> _INSTRUCTIONS TO FOLLOW_:
Below are the records; repeat exactly their lines between the line holding "Hello, here is" and the line holding "In this video, you", inclusive, skipping the pictures.

> _Stored items_:
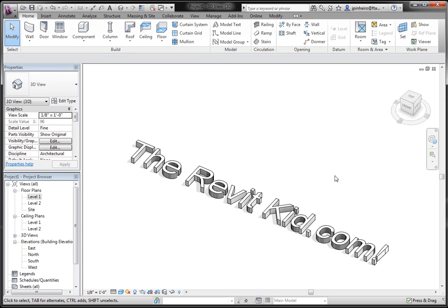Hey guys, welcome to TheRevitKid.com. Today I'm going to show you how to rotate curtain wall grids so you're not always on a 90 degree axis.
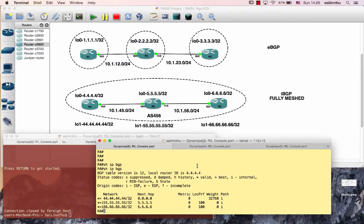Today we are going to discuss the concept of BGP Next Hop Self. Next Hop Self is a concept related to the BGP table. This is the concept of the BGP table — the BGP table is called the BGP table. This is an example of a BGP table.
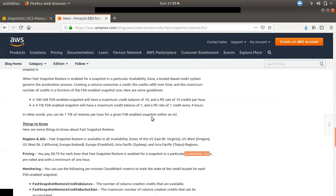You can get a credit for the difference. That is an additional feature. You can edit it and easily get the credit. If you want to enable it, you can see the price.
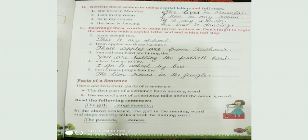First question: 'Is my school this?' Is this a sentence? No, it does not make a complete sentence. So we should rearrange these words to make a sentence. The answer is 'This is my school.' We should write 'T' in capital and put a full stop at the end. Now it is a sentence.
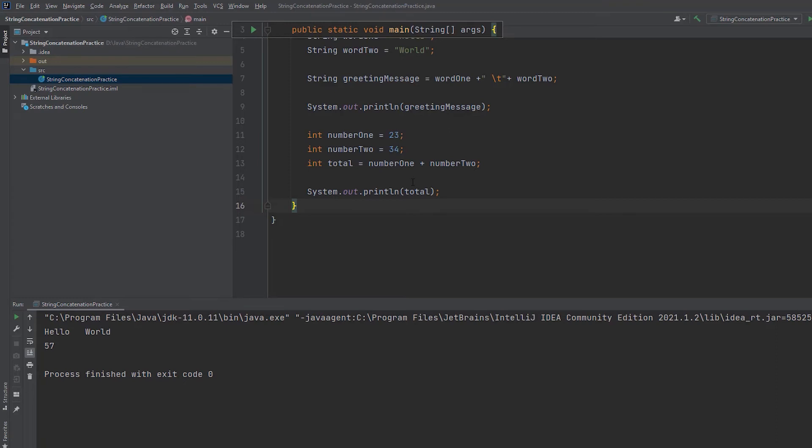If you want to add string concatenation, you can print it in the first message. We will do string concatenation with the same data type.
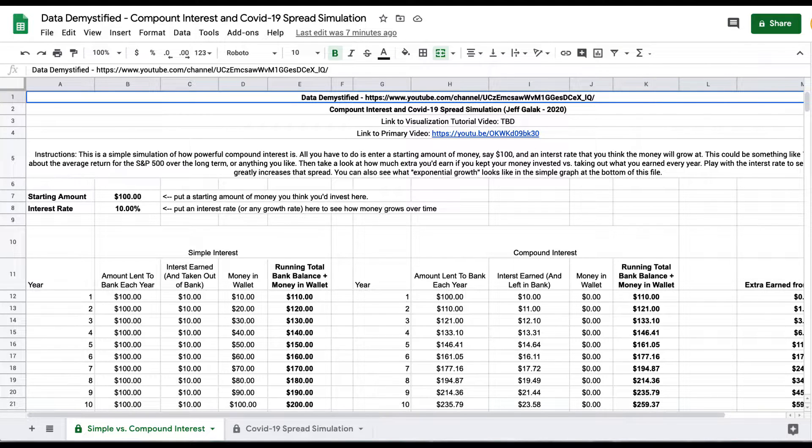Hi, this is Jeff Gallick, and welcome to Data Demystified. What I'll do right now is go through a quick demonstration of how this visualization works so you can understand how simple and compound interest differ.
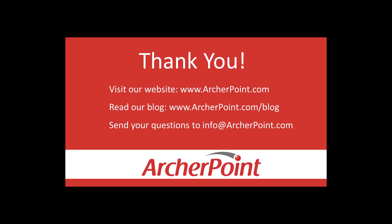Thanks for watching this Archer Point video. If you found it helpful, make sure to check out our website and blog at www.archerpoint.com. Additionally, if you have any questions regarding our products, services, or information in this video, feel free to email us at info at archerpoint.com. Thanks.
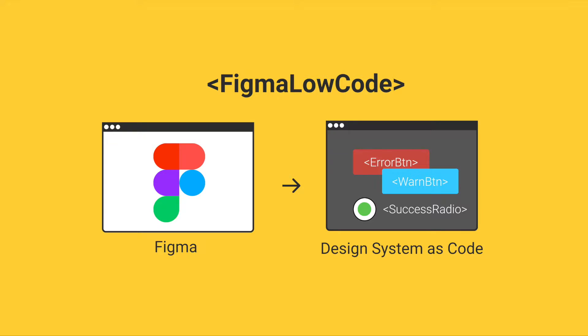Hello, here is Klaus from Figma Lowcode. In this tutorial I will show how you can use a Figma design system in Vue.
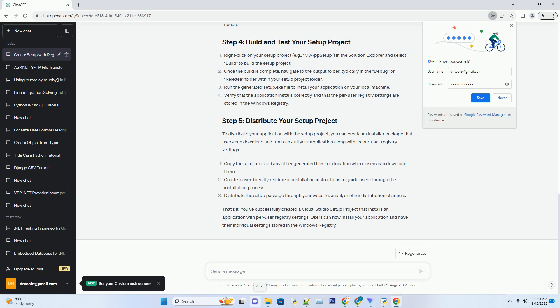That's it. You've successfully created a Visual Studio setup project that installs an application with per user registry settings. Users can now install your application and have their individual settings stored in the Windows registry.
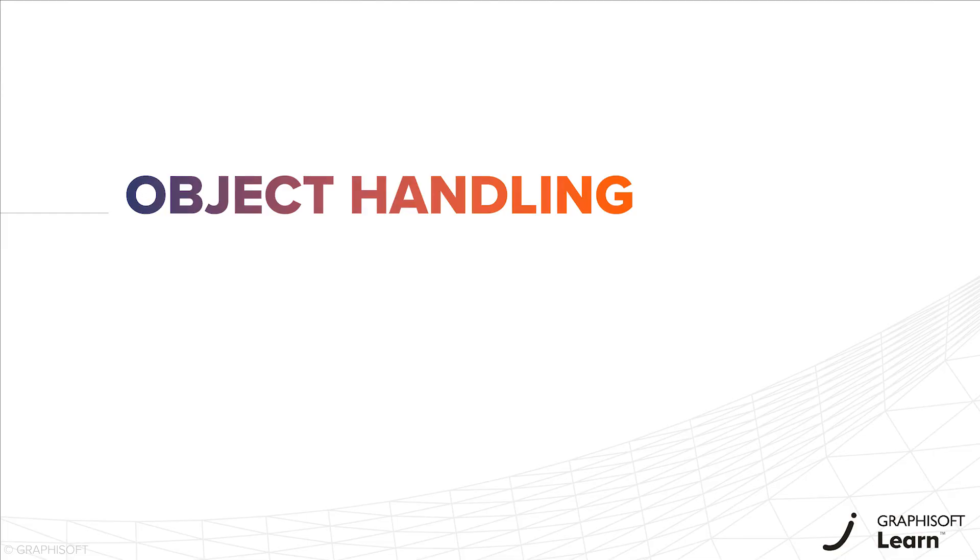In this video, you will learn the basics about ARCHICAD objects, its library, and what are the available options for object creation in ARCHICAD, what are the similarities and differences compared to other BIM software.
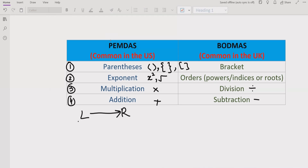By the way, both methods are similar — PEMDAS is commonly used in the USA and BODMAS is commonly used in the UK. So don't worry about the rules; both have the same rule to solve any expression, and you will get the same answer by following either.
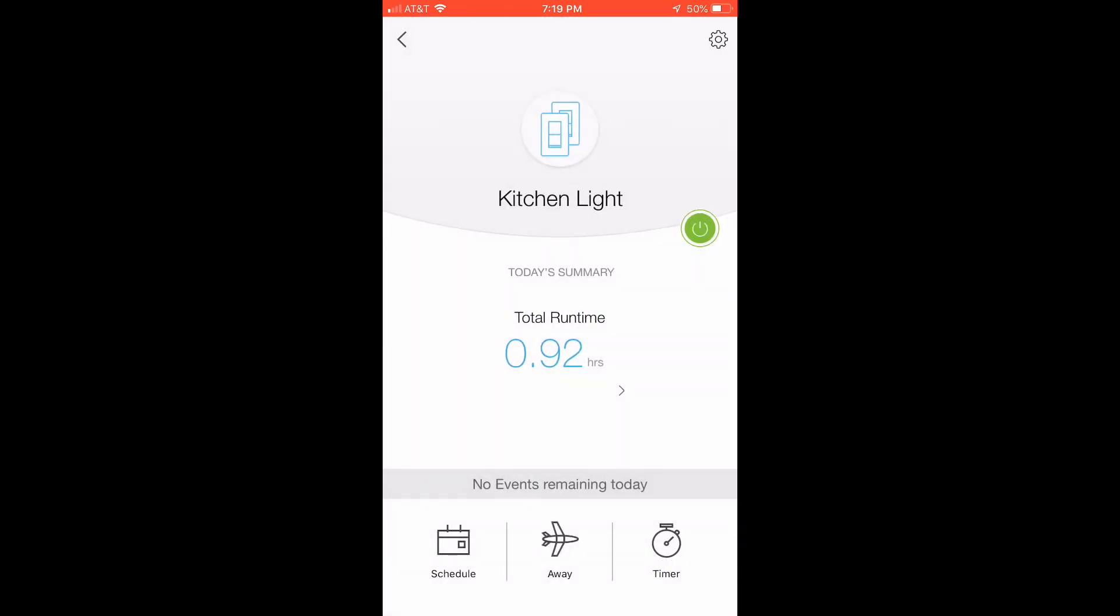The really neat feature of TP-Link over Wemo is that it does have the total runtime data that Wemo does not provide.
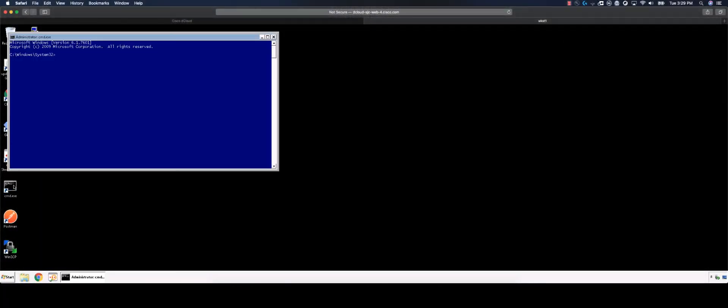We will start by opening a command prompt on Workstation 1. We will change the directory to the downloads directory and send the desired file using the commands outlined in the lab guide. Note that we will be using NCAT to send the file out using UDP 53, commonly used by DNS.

> _ANSWER FOR THIS EXERCISE_:
Hello, here is Klaus from Figma Lowcode. In this tutorial I will show how you can use a Figma design system in Vue.
That's it. You've successfully created a Visual Studio setup project that installs an application with per user registry settings. Users can now install your application and have their individual settings stored in the Windows registry.
In this video, you will learn the basics about ARCHICAD objects, its library, and what are the available options for object creation in ARCHICAD, what are the similarities and differences compared to other BIM software.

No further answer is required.